Regulasi tersebut berbunyi: tanah hak milik bisa ditertibkan jika dikuasai oleh pihak lain hingga menjadi kawasan perkampungan; dikuasai pihak lain selama 20 tahun berturut-turut tanpa adanya hubungan hukum dengan pemilik; dan/atau tidak terpenuhinya fungsi sosialnya.
Sementara itu, aturan penertiban tanah dengan SHGU dan SHGB dibuat berbeda dengan penertiban tanah SHM. Berdasarkan PP Nomor 20 Tahun 2021, tanah HGU dan HGB dapat menjadi objek penertiban apabila selama dua tahun sejak diterbitkan haknya tidak diusahakan, tidak digunakan, dan/atau tidak dimanfaatkan sebagaimana peruntukan yang tercantum dalam proposal awal permohonan hak.
Tiga kebijakan di atas menuai pro kontra di kalangan masyarakat, tak terkecuali oleh para pengguna media sosial.
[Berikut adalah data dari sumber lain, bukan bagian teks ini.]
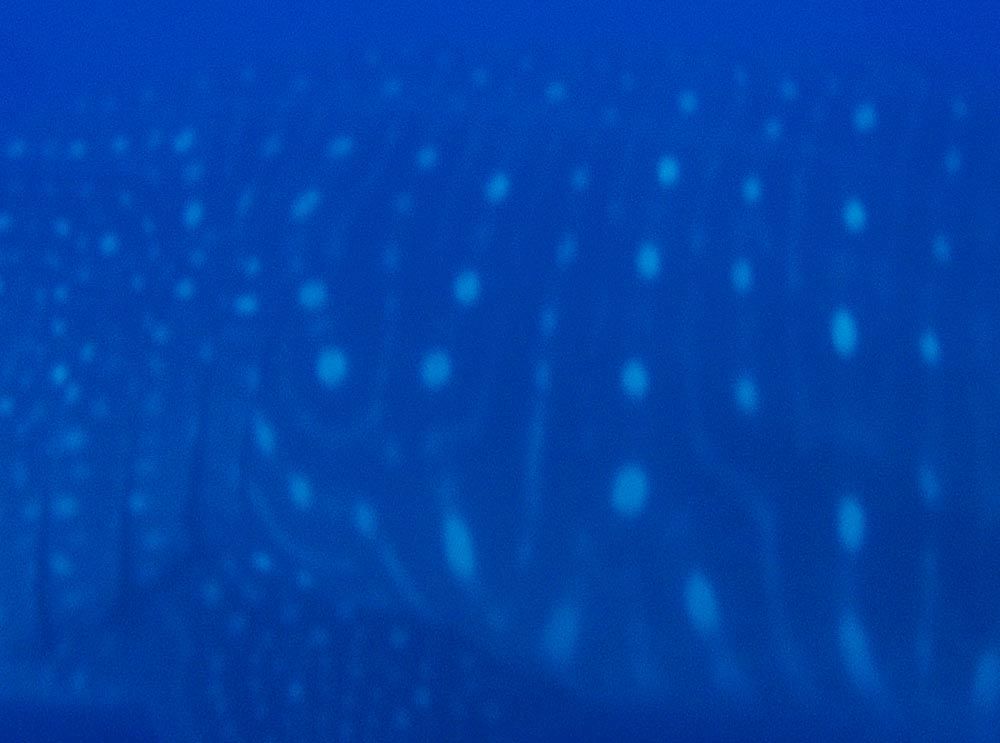 8f4f669d-e75d-4085-89e2-5300b73e7c0e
Publik mengekspresikan reaksinya dengan melontarkan sindiran di medsos.
"Setelah sawah ngganggur 2 tahun disita negara. Rekening tidak aktifitas 3 bulan dibekukan PPATK. Kini gaya hidup mewah di medsos pun dipantau Ditjen Pajak. Hanya Negara ini aja yang benar-benar ingin memiskinkan warga negaranya demi ambisi duniawi penggede-gedenya. Ya Rabb, ampuni kami," cetus warganet di X.
"Hal hal nganggur tuh urusin pengangguran yg masih banyak di indonesia. Perbanyak lapangan kerja, tingkatin kualitas SDM dengan pendidikan yg baik, perbaiki perputaran roda ekonomi. Tanah sampe rekening nganggur punya rakyat segala lo rusuhin. Punya negara aneh banget," sahut yang lainnya.